I was flabbergasted. There was Lene checking out the merchandise while I was standing around doing the “try to pass the time without looking too out of place” dance that a shopper’s partner does. Lene was the one with a purse - and that purse contained the credit cards. Why talk to me? Yet that’s what the clerk did. She came over and talked to me instead of to Lene. Since this was one of the first times we had travelled to someplace new together I saw this as a portent of things to come.

I expected to spend a lot of my life saying “ask her” or “how would I know” or “she was the one who asked you the question”.

I will admit to being slightly surprised how wrong I was. Turns out it hasn’t happened much at all. Quite rarely in fact. I think we can count the egregious cases using the fingers on one hand. That’s over more than a decade. It’s been that rare.

In retrospect I should have known better. I shouldn’t have expected it to be a problem for a number of reasons.

Remember my pictures of Lene in her wheelchair?
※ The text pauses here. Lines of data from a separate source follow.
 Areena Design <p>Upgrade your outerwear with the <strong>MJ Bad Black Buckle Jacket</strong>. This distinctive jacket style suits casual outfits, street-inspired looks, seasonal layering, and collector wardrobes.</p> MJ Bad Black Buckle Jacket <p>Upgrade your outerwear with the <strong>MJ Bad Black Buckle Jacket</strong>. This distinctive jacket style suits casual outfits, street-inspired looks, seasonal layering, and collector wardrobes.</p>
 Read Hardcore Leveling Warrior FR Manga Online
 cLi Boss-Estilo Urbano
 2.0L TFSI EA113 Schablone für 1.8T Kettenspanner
The ones that are taken from behind because she’s always driving off ahead? Well - that’s not a joke. That’s how things are. She’s more likely to get somewhere and start asking questions before I’ve caught up. People have to look at her as one person and talk to her. Thirty seconds later after I’ve caught up - then they could ignore her and talk to me.

Lene has also learned to get in people’s faces when necessary. To avoid being ignored she takes initiative. She’s the talker. She asks questions. She gets in people’s space and gets their attention. It’s a coping mechanism so she can’t be ignored. She was doing it long before she met me. It’s hard to ignore Lene when she wants to get your attention.

Which is fine by me. People find it hard to get angry or disagree when it’s a person in a wheelchair asking or complaining. I’ve seen many people who are primed to be annoyed at being bothered, even if being annoyed and interrupted is part of their job, who all of a sudden are smiling and on their best behaviour when they realize that it’s a person in a wheelchair who’s doing the interrupting. I’ve got to say I’ve been very impressed with how most people treat Lene and how they treat us.

 

What I didn’t see coming was the largest blind spot people have when they consider the two of us. It happened first to Lene. It usually happens to Lene.

Lene shops at the St. Lawrence Market in downtown Toronto. An incredible collection of delis, cheese shops, butchers, fish mongers, fruit and vegetable stalls, and bakeries all under one roof. Not a bad place to shop for groceries. When we first met she had been going there for a dozen years or more. Often to the same stalls to buy the same things from the same people. Early on in our relationship we’d go to the market occasionally when I was visiting for the weekend. Not all the time - just once in a while.

One day Lene called me up and had to tell me what happened at the market. She went in to do her regular shopping in the middle of the week and one of the staff she’s been dealing with for years asked her “how her brother was doing?”.

Lene went from thinking “My brother? I don’t have a brother” to “Who is she referring to?” all the way to saying “That’s not my brother - he’s my partner”.

It turns out the biggest blind spots people have about Lene and myself is that they don’t figure we’re in a relationship. That we are partners and, heaven forfend, lovers.

Weirdly, when it occurs, it is usually her being asked about her brother. I think I’ve only been asked about my “sister” once.

It’s quite a blind spot. People will accept her as a person who can talk and communicate and hold her own. That mental leap isn’t as much of a problem as I thought it would be. But in a relationship? Being with someone? And also “being with someone”? Is it just something they hadn’t considered or is it just something they don’t want to picture? I’m not sure.

It doesn’t happen too often - but it does happen.

Overall though I have to say I’m impressed by how we are treated by people in general. They treat the two of us like any other couple most of the time. We are just customers, passengers, pedestrians, or simply random people.

It’s quite nice to end up being treated as just another couple.

Though it is fun to see some people grapple with the fact that we aren’t related - we’re in a relationship. Some people can’t quite handle the thought of it.